In 1866, the institution passed to Rev. G. P. Moore, assisted by a classical teacher, Prof. M. Soules, of Lyons, and a corps of other teachers. For awhile, the institution revived. An arrangement was made by which it should pass under the control of the Presbytery of Iowa. Subsequently, Revs. Hanna and F. A. Chase, each for one year, were Principals, the college afterward reverting to Moore. He conducted it for several years, but at no time did the institution adopt Soules' advice and keep pace with the progress of educational ideas, and therefore, failed financially. Accordingly, Moore, to save himself from complete financial loss, concluded to dispose of the unprofitable property.

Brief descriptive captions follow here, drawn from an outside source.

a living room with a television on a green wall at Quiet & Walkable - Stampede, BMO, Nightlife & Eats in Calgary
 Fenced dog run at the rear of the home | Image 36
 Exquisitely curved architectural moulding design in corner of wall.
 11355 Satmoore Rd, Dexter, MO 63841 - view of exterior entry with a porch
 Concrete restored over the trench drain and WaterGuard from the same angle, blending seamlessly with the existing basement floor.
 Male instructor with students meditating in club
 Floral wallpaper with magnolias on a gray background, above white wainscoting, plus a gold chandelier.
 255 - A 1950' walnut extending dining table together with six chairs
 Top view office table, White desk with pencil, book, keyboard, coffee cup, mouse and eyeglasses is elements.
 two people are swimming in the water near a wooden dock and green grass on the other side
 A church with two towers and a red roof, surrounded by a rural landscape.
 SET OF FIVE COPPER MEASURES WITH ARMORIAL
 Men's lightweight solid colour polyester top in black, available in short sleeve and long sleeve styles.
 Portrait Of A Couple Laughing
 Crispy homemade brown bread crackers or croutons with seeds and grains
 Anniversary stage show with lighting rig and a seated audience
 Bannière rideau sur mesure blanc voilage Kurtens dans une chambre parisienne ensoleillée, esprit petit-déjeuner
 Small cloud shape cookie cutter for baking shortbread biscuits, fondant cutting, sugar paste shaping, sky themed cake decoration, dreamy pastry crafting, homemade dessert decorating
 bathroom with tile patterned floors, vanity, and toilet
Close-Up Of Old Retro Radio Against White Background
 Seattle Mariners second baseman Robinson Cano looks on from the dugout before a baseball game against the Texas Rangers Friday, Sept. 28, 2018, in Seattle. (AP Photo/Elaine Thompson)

==Our Lady of Angels Seminary==
On October 2, 1872, the institution was purchased for by the Sisters of Charity of the Blessed Virgin Mary. For the first two years, the Sisters worked under many disadvantages, as the seminary buildings were so nearly a complete wreck that they had to be practically renovated. With subsequent additions and improvements, the school became a leading Catholic institution of Iowa. Thirteen teachers had charge of the Primary, Preparatory, Grammar, Academic, Musical and Art Departments. Those who passed creditably through the Academic or Classical Course received the graduating gold medals of those departments. The co-educational boarding school had one hundred scholars in 1878. Our Lady of Angels Seminary closed in 1966.

==Demolition==
In the 1980s, the school buildings were demolished.